UGS also increased the number of academic FIGs offered within the school from 15 to 24.
In order to pay for this, Abraham said the provost’s office gave UGS approximately $300,000.
Thanks to the funding provided by the Provost’s office, Abraham said UGS has dealt with advising and seating concerns. Spight said the school is now focusing to ensure students can make a smooth transition to their desired school after UGS.
“Our job is to help them find all the options and set them up for success, but in the end the student has to be successful in their courses and the programs have to be willing to say they will take those students,” Spight said. “That concern is going to be a little bit bigger for us this year simply because there are more students that we are worrying about.”
Spight said there has been increased collaboration between UGS and other colleges.
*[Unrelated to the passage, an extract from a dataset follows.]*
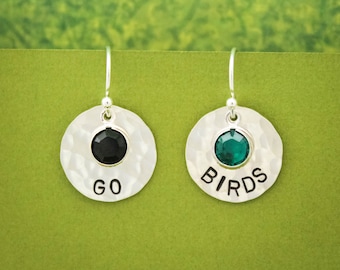 GO BIRDS Sterling Silver Earrings: Eagles Game Day Jewelry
For example, of the nine additional FIGs added to UGS, Spight said a few Natural-Sciences-oriented FIGS were added because a large number of students in UGS had selected the College of Natural Sciences as their first choice.
“We tried to make sure the FIGs that we added addressed those areas of interests,” Spight said. “The courses that were associated with those FIGs, whether it be the signature course topics or the other courses in the FIG clusters, we made sure they were along those lines in the sciences.”
In the College of Natural Sciences, freshman enrollment is expected to rise by about 15 percent. Last year, the college had about 1,835 students enroll, and this year it is expecting 2,152 students. Sacha Kopp, associate professor and natural sciences assistant dean, said the college has seen an increase in freshman enrollment in the past three years and this will be the largest class the college has ever seen.
The College of Natural Sciences has added sections and additional seats to prepare for this class, but Kopp said he could not say how many sections and seats were added since the college is still watching the enrollment numbers and is adjusting accordingly. Kopp said the college is not adding these classes just for students in that college.
And in the College of Fine Arts, which houses many of the courses required to fulfill the visual and performing arts undergraduate degree requirements, enrollment is expected to increase by 400 students, or 20 percent. The college has responded by adding several hundred seats to these courses to accommodate non-majors, said Andrew Dell-Antonio, College of Fine Arts associate dean.
Officials from other colleges are on board to prepare the University for this large incoming freshman class, even if their college is not seeing an enrollment increase. For example, Musick said COLA was adding additional sections.
“We serve students in other colleges as well,” Musick said. “Even though it’s not technically liberal arts students, they are UT students and they do need our classes.”
Senior associate dean for academic affairs Richard Flores said the University added 16 new sections in the College of Liberal Arts. The college is in the process of hiring a combination of nine additional lecturers and assistant instructors. The provost’s office provided the College of Liberal Arts with $306,000 in funding for this increase.
The first day of class is Aug. 29. The official enrollment count will be conducted Sept. 14.
Updated 11:24 a.m.: 1,300 seats, not 13,000 seats, were added to the number of signature courses.